The present results reveal the magnitude of overweight and obesity among 12–17-year-old adolescents in Balearic Islands. The observed percentages of prevalence of overweight (boys 19·9 %; girls 15·5 %) and obesity (boys 12·7 %; girls 8·5 %) among adolescents in Balearic Islands are higher in boys than girls as in most European countries(Reference Carroquino21). In comparison with other data, despite differences in ages studied and the percentile considered as indicator of obesity in adolescents (we considered the 97th percentile), prevalence of overweight and obesity is higher than in Portugal (overweight 16·6 % boys and 12·9 % girls; obese 3·6 % boys and 2·7 % girls), Belgium (overweight 8·6 % boys and 7·4 % girls; obese 1·8 % boys and 1·5 % girls) and Ireland (overweight 17 % boys – exception girls, which has a high prevalence, 21 %; – obese 6 % boys and 7 % girls), whereas the prevalence of obesity is lower and the prevalence of overweight is higher than in the enKid Study of the Spanish population (obese 15·8 % boys and 9·1 % girls; overweight 10·4 % boys and 8·0 % girls), Canary Islands (obese 12·0 % boys and 17·6 % girls; overweight 10·8 % boys and 11·9 % girls), Germany (obese 13·9 % boys and 11·7 % girls; overweight 12·5 % boys and 10·2 % girls) and the United States (obese 16·7 % boys and 15·4 % girls; overweight 14·5 % boys and 15·1 % girls)(Reference Elmadfa and Weichselbaum22Reference Henríquez, Doreste and Laínez26).

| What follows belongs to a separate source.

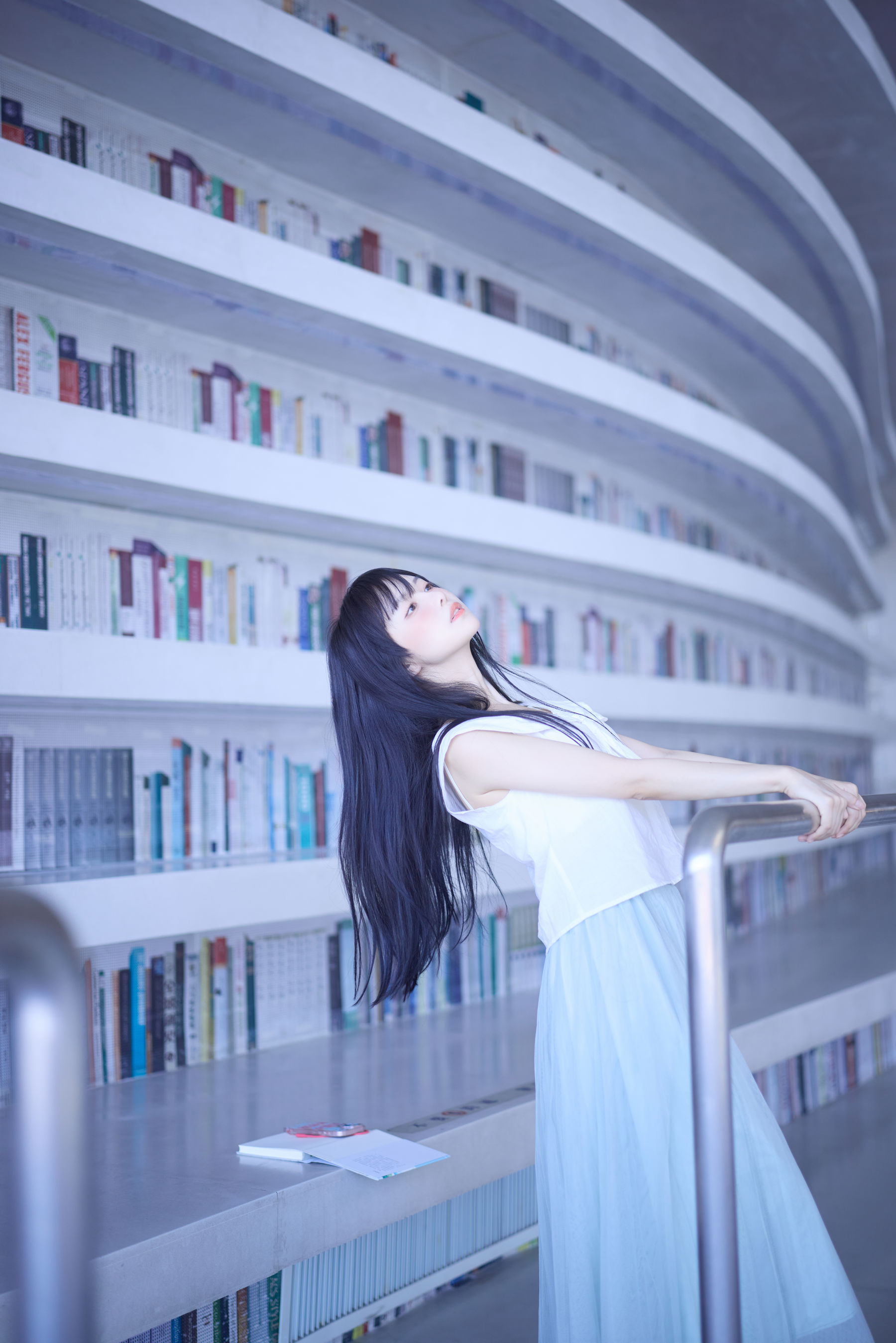 Shika小鹿鹿 - 图书馆/(16P)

The association between sociodemographic and lifestyle factors and BMI in adolescents of the Balearic Islands showed that parental education level is one of the strength factors associated with prevalence of obesity in boys and girls, which agrees data reported by other authors(Reference Fernández27).

Multiple logistic regression analysis also revealed an inverse association between age and obesity in boys. Previous studies pointed out that the trend in the prevalence of overweight (including obesity) decreases with age in adolescents(Reference Lazzeri, Rossi and Pammolli28).

Previous works reported that girls paid more attention to foods than boys as a way to influence health and to meet nutritional recommendations and then to prevent or to reverse the obese state(Reference Sweeting29). We have observed that both obese boys and girls reduced the number of meals per day, skipped the breakfast and avoided sweets and salty snacks consumption, which is more evident in girls, as a method to counteract the obesity.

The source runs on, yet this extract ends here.